[Exercise objective] Nothing but the lines from the one with "apart by lowrys（アパートバイローリーズ）カーディガン" through the end of the listing should be reproduced, each exactly and with pictures omitted.

[Supplied material]
┄┄┄┄┄┄┄┄┄┄┄┄┄┄┄┄┄┄┄┄

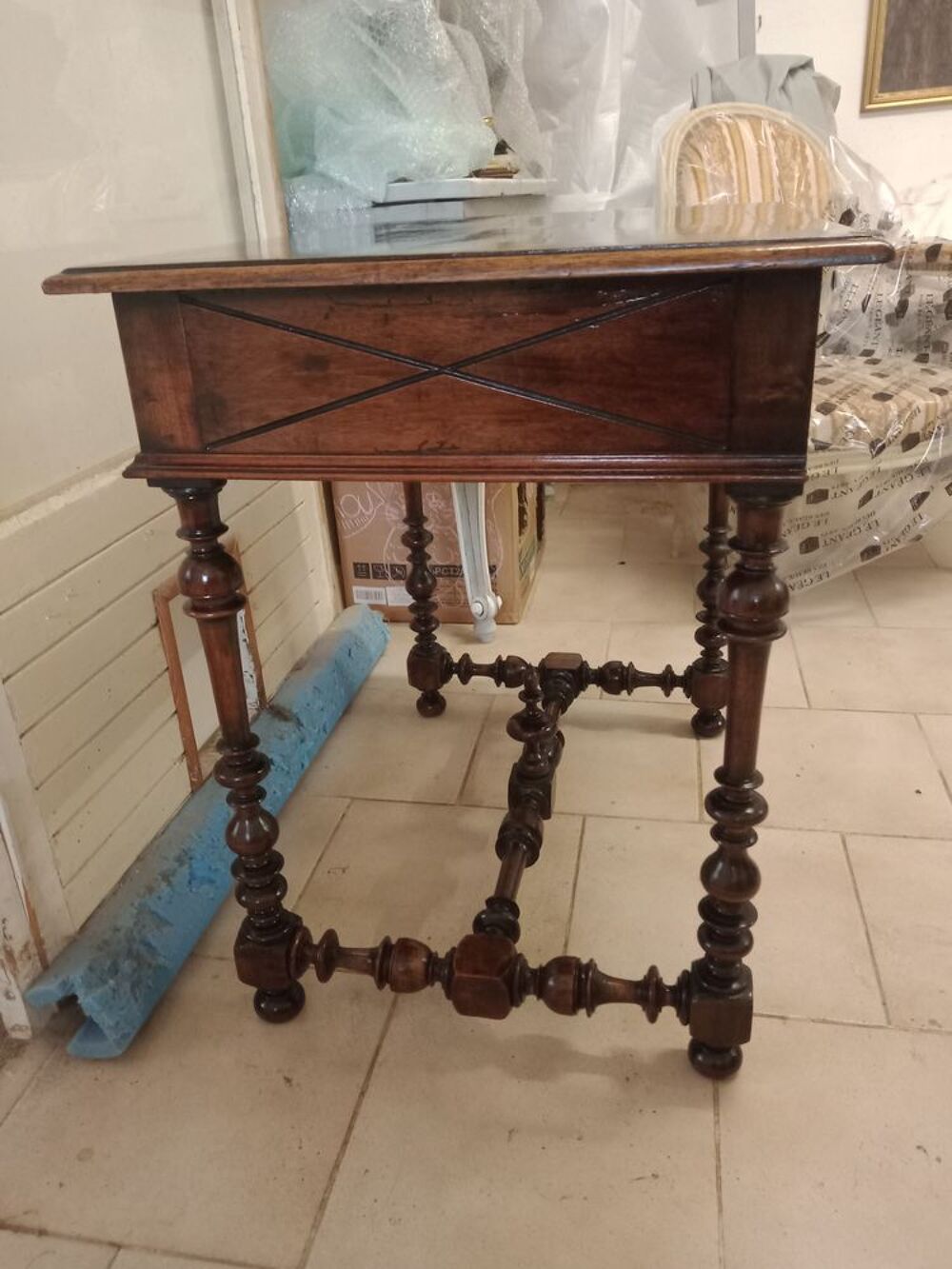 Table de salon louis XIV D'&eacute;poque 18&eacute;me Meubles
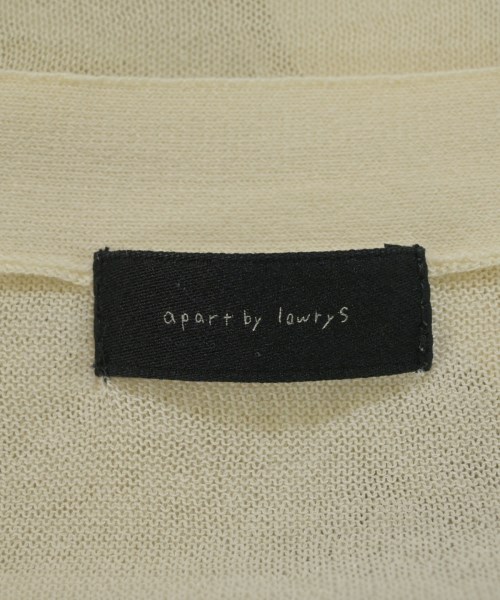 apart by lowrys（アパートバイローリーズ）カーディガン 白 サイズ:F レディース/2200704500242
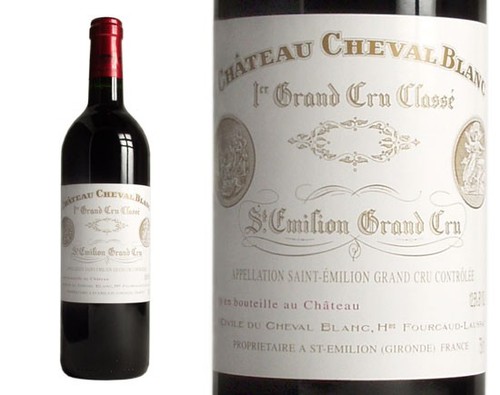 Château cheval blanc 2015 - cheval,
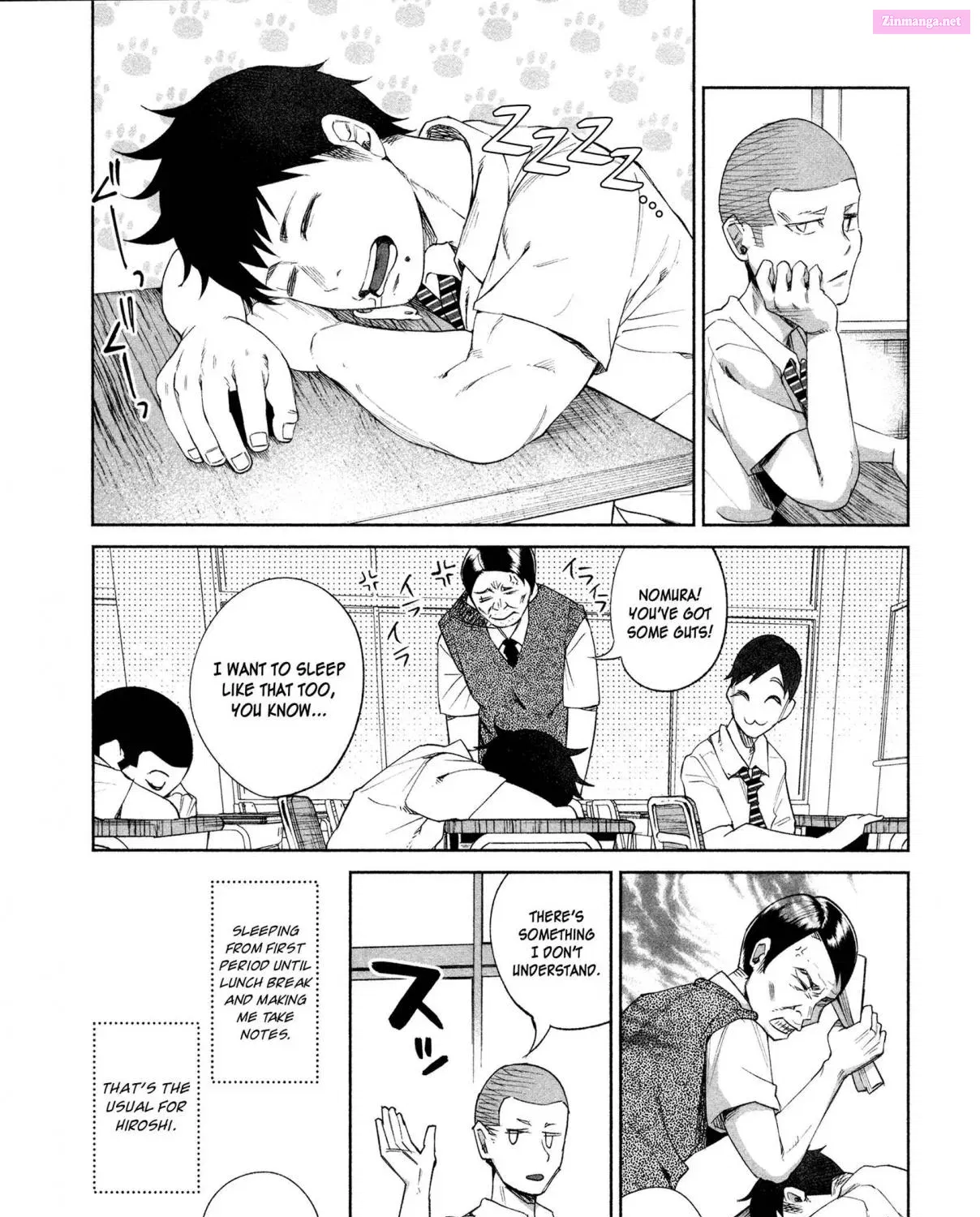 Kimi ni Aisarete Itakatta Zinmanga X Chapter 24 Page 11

┄┄┄┄┄┄┄┄┄┄┄┄┄┄┄┄┄┄┄┄

[Output below]
 apart by lowrys（アパートバイローリーズ）カーディガン 白 サイズ:F レディース/2200704500242
 Château cheval blanc 2015 - cheval,
 Kimi ni Aisarete Itakatta Zinmanga X Chapter 24 Page 11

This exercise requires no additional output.